When GSFA student Ardith Lanstra made her wedding gown, she didn't use silk and satin. Instead, she opted for less-traditional materials--namely magazines and tape.
Ms. Lanstra fashioned the dress for her Theory of Culture class. "Our assignment for the semester has three parts," she explained. "The first was to choose an object and write an ethnography about it examining the connections between nature and culture. For example, we use the word 'leather' to mitigate between the natural concept of dead-animal skin and the cultural concept of fashionable material for clothing."
Ms. Lanstra, who will marry next year, decided that a wedding dress would be an appropriate object. "My ethnography explored the materials that wedding dresses are typically made from, what influences wedding-dress design, and what the dress means in our culture," she said.
The second part of the course required students to examine one part of the ethnography more closely, then design an "intervention" based on that investigation, according to Ms. Lanstra. Some students did experiments and performance pieces. Others created three-dimensional pieces. Ms.

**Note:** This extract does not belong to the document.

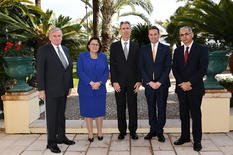 Ambassadeur janvier 2018 - From left to right: H.E. Mr. Walter Grahammer, Ambassador of the Republic of Austria;  H.E. Ms. Martine Schommer, Ambassador of the Grand Duchy of Luxembourg;  Gilles Tonelli, Minister of Foreign Affairs and Cooperation;  H.E. Mr. Brendan Berne, Ambassador of Australia and H.E. Mr. Vinay Mohan Kwatra, Ambassador of the Republic of India ©Government Communication Department/Manual Vitali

Lanstra, who was part of the latter group, chose to examine the way the wedding-dress market works.
"My dress was made from wedding-dress images cut out of four bridal magazines and held together with seven rolls of Scotch tape," she said. "I was attempting to demonstrate how the market controls the image of what American women perceive wedding dresses to be. For the most part, what women believe is traditional about the appearance of wedding dresses has been made by the industry based on the flimsiest of historical facts."
As the final part of the assignment, students will document the object and the intervention in an artist's book.